»»

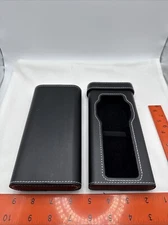 Travel Watch Case BLACK faux leather Cigar style BULK AVAILABLE - FREE SHIP!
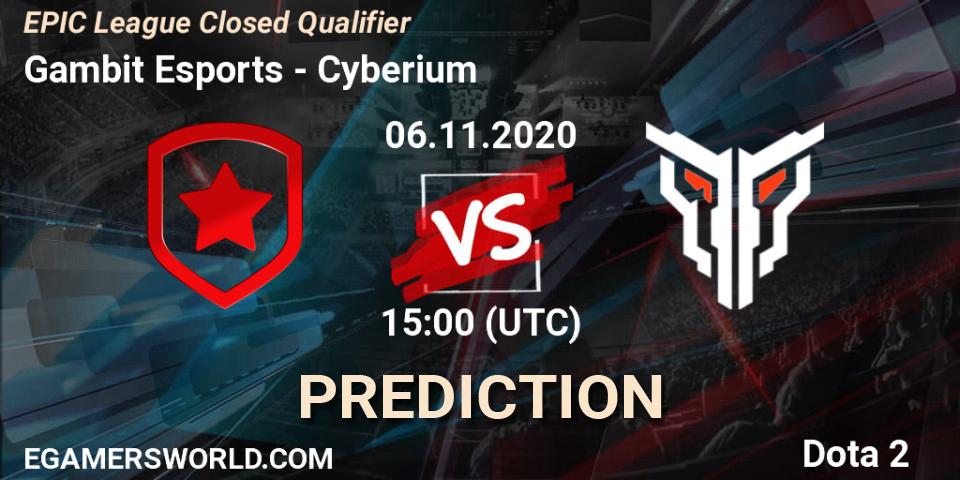 Gambit Esports - Cyberium: прогноз. 06.11.2020 at 13:59, Dota 2, EPIC League Closed Qualifier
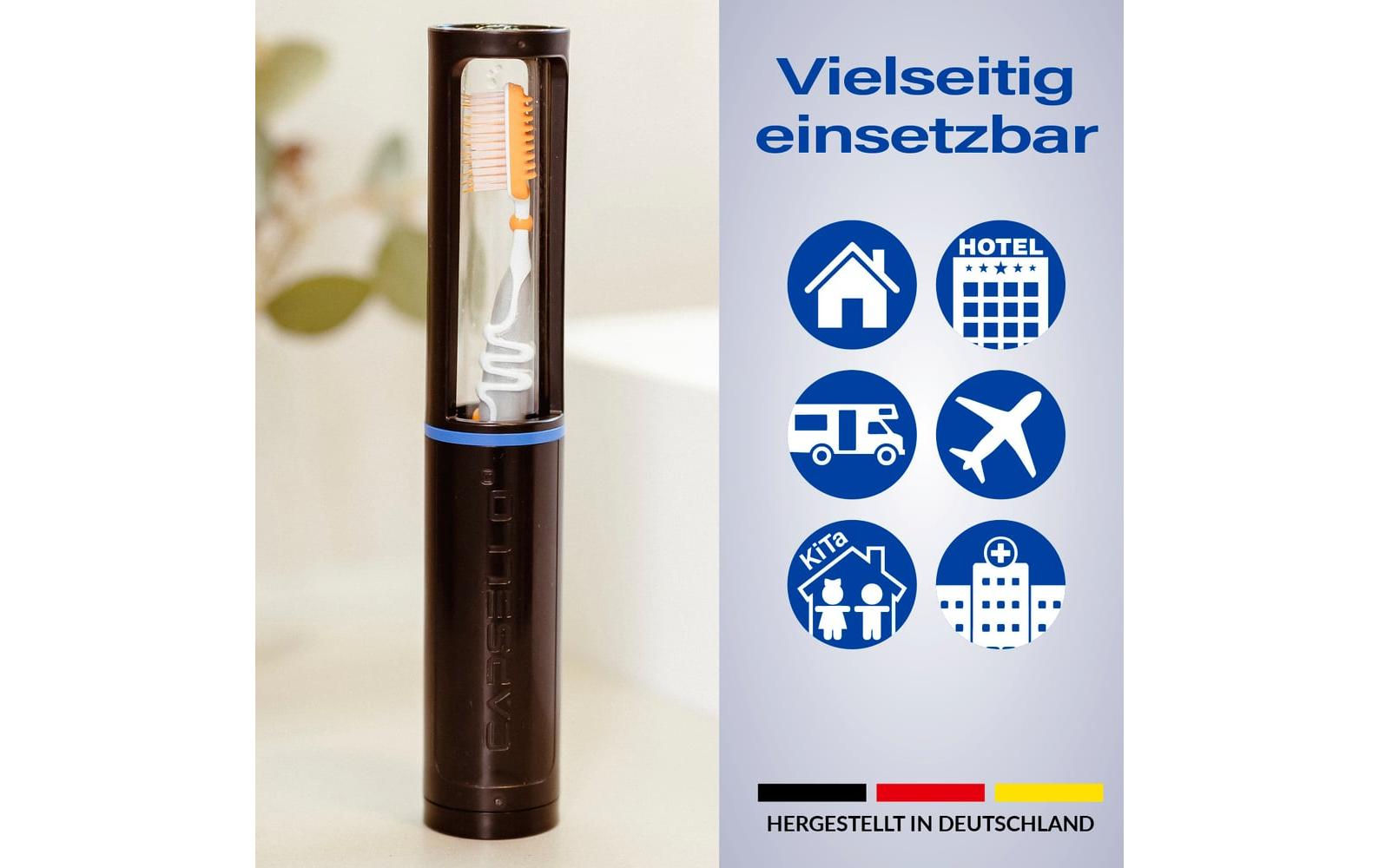 Capsello Zahnbürstenbox – 23 cm – Schwarz – ABS/PVC
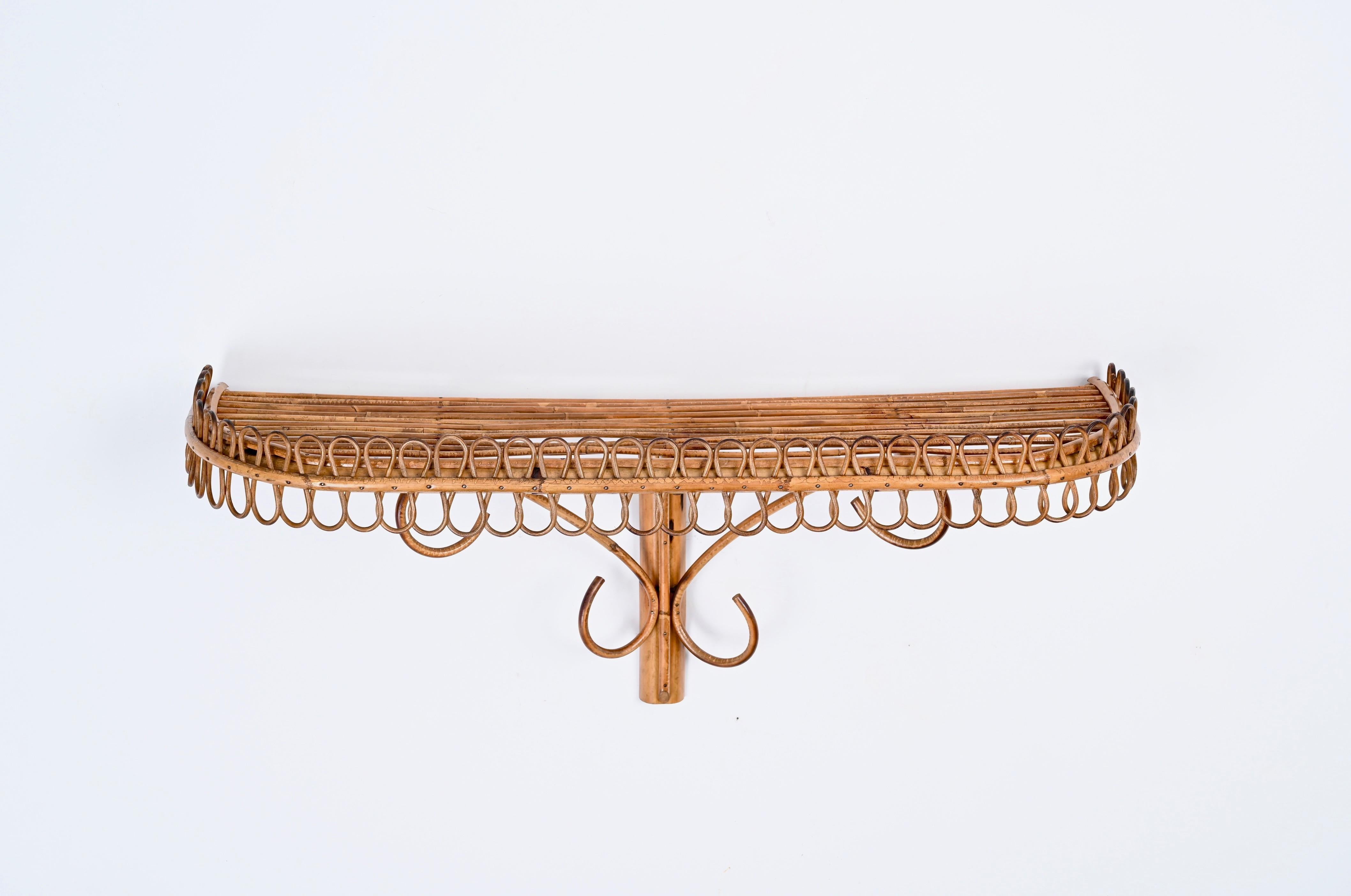 Italian Midcentury Wall Shelf or Console, Rattan and Bamboo, Franco Albini, Italy, 1960s For Sale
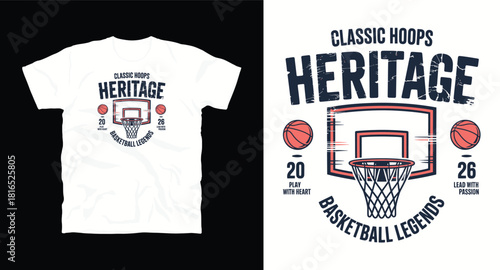 Classic hoops heritage basketball t shirt design concept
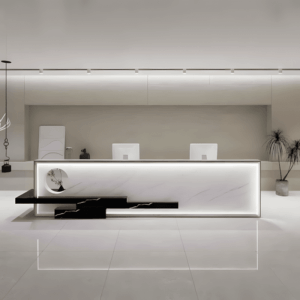 Innovative Lacquered Reception Desk - Maoters - L200 x W60 x H100 CM, Jazz White +Cracked Black / Right
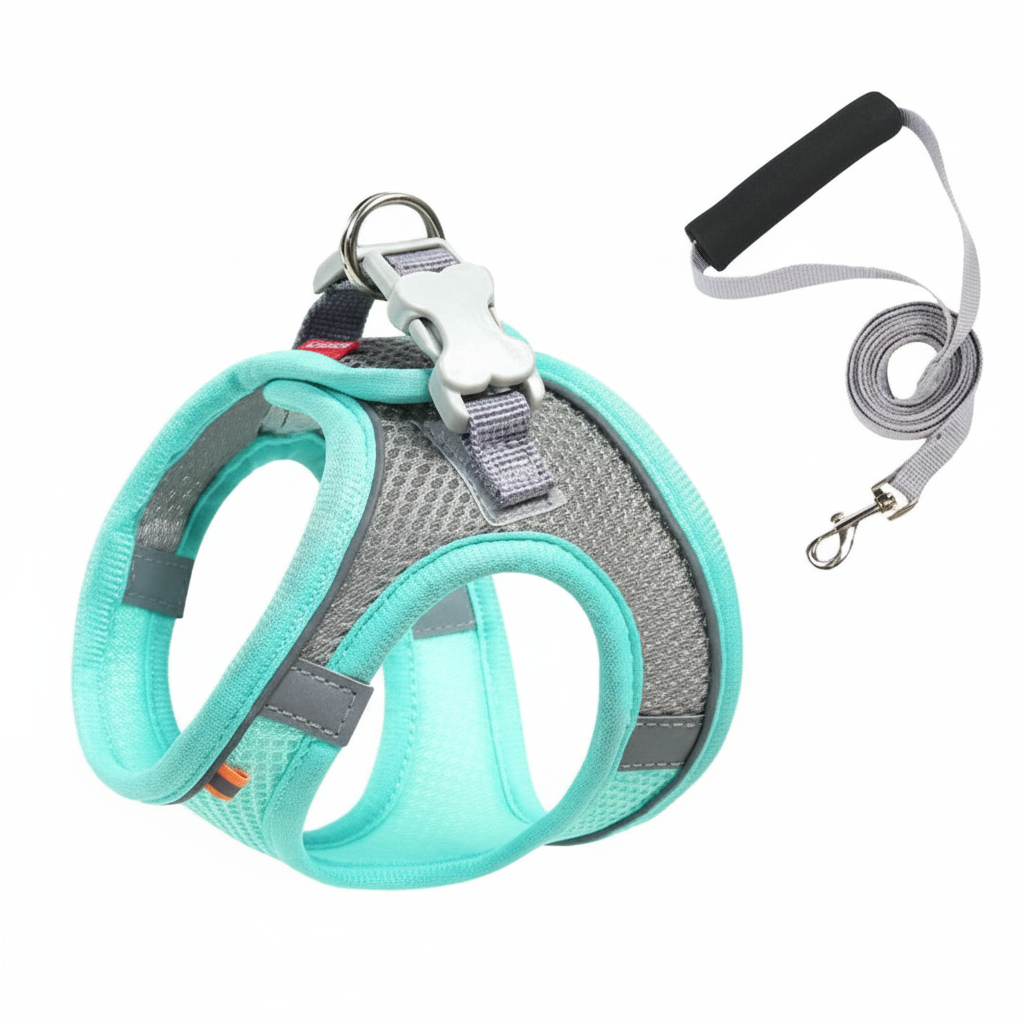 Adjustable Step In Dog Harness With Leash Set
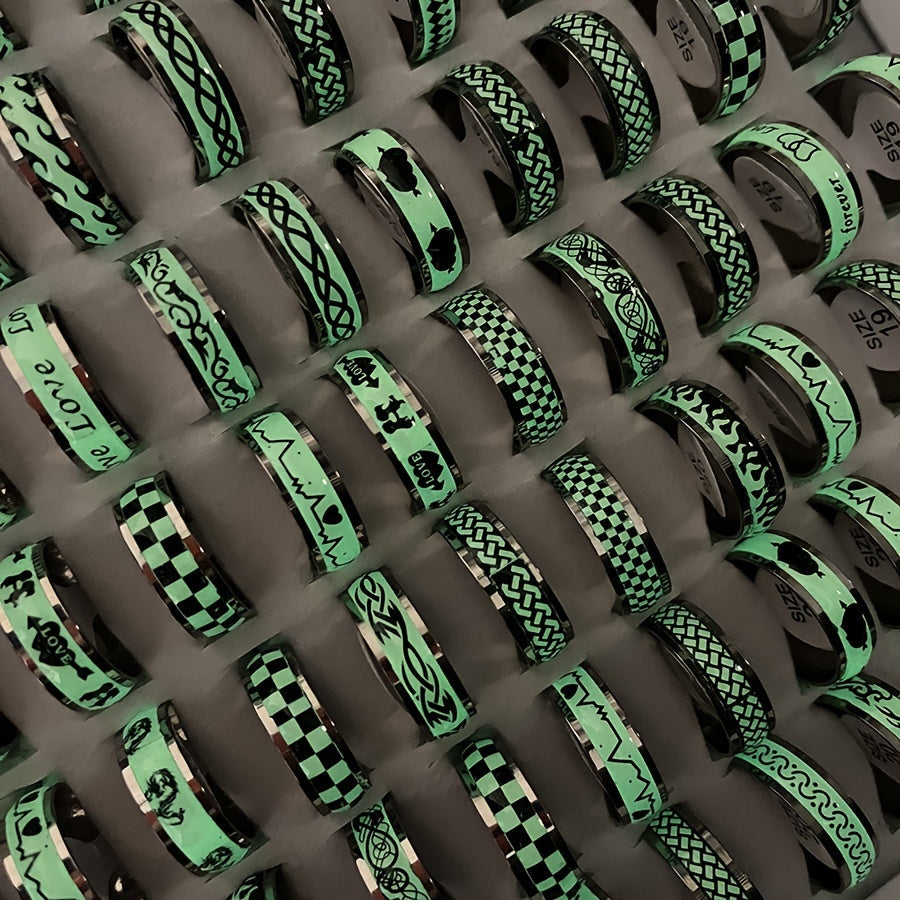 Glow-in-the-Dark Stainless Steel Rings Set of 10 or 20 for Punk and Hip Hop Style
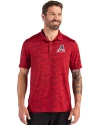 Arizona Diamondbacks Stars & Stripes Cutter & Buck Coastline Epic Comfort Recycled Camo Print Mens Polo Cardinal Red Front Thumbnail Image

««

▶ EXERCISE AIM
Reproduce the entire listing exactly, except for any pictures it contains.

▶ ANSWER TO THIS EXERCISE
 Travel Watch Case BLACK faux leather Cigar style BULK AVAILABLE - FREE SHIP!
 Gambit Esports - Cyberium: прогноз. 06.11.2020 at 13:59, Dota 2, EPIC League Closed Qualifier
 Capsello Zahnbürstenbox – 23 cm – Schwarz – ABS/PVC
 Italian Midcentury Wall Shelf or Console, Rattan and Bamboo, Franco Albini, Italy, 1960s For Sale
 Classic hoops heritage basketball t shirt design concept
 Innovative Lacquered Reception Desk - Maoters - L200 x W60 x H100 CM, Jazz White +Cracked Black / Right
 Adjustable Step In Dog Harness With Leash Set
 Glow-in-the-Dark Stainless Steel Rings Set of 10 or 20 for Punk and Hip Hop Style
 Arizona Diamondbacks Stars & Stripes Cutter & Buck Coastline Epic Comfort Recycled Camo Print Mens Polo Cardinal Red Front Thumbnail Image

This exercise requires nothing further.